*The data*
--------------------------------------------------

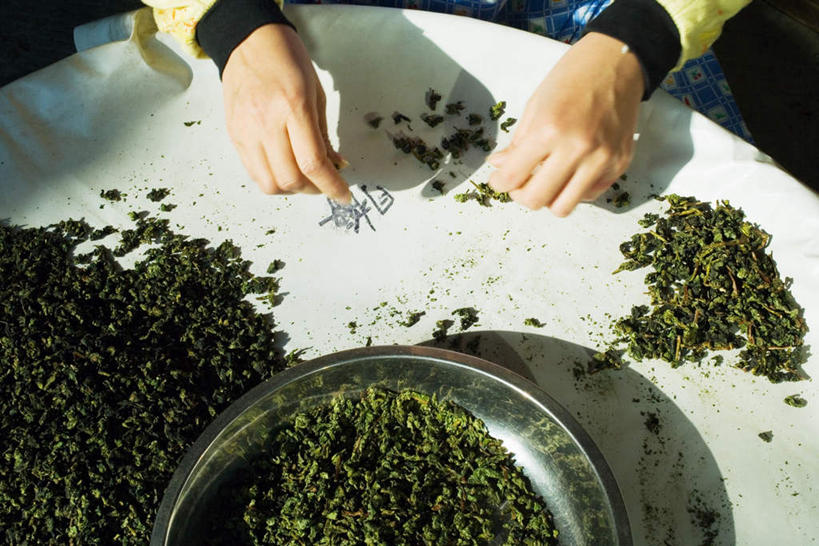 东方人,手,一个人,坐,横图,俯视,室外,特写,白天,幸福,茶,桌子,叶子,亚洲,仅一个年轻女性,仅一个女性,仅一个人,阴影,服装,光线,盆子,影子,茶叶,休闲装,黄种人,娱乐,衣服,阳光,享受,休闲,温馨,手部,休闲服,放松,乐趣,服饰,提神,舒适,挑选,醒脑,年轻女性,女人,女性,亚洲人,叶,叶片,坐着,半身,彩图,高角度拍摄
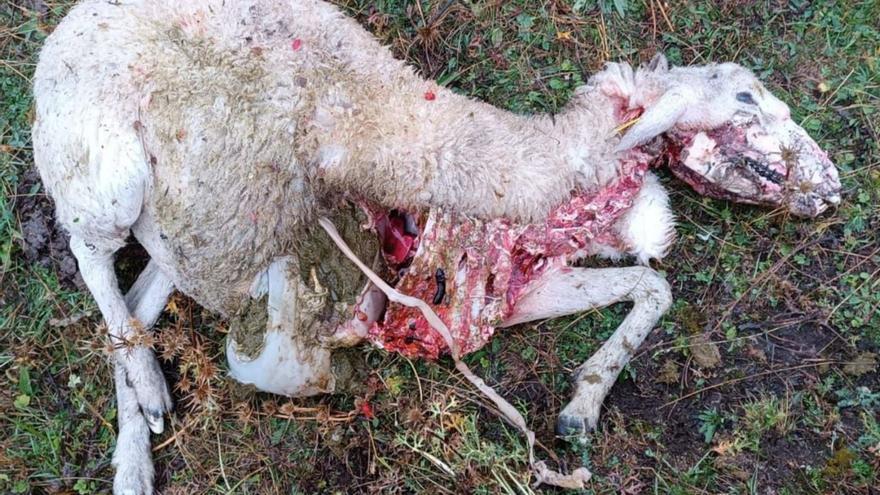 Una de las ovejas muertas que fueron atacadas en la madrugada del viernes en el monte entre Tramacastilla y Sandiniés. | EL PERIÓDICO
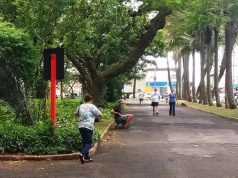 Araraquara tem fim de semana com feira e música no feriado de Finados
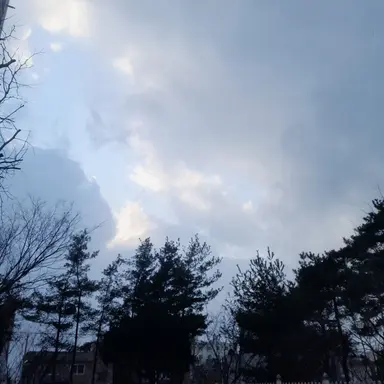 Profile image of 한솔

--------------------------------------------------

*Exercise aim*
An acceptable answer consists of the lines above from the one holding "Araraquara tem fim" to the end of the data, repeated exactly and containing no pictures.

*Reply to the task*
 Araraquara tem fim de semana com feira e música no feriado de Finados
 Profile image of 한솔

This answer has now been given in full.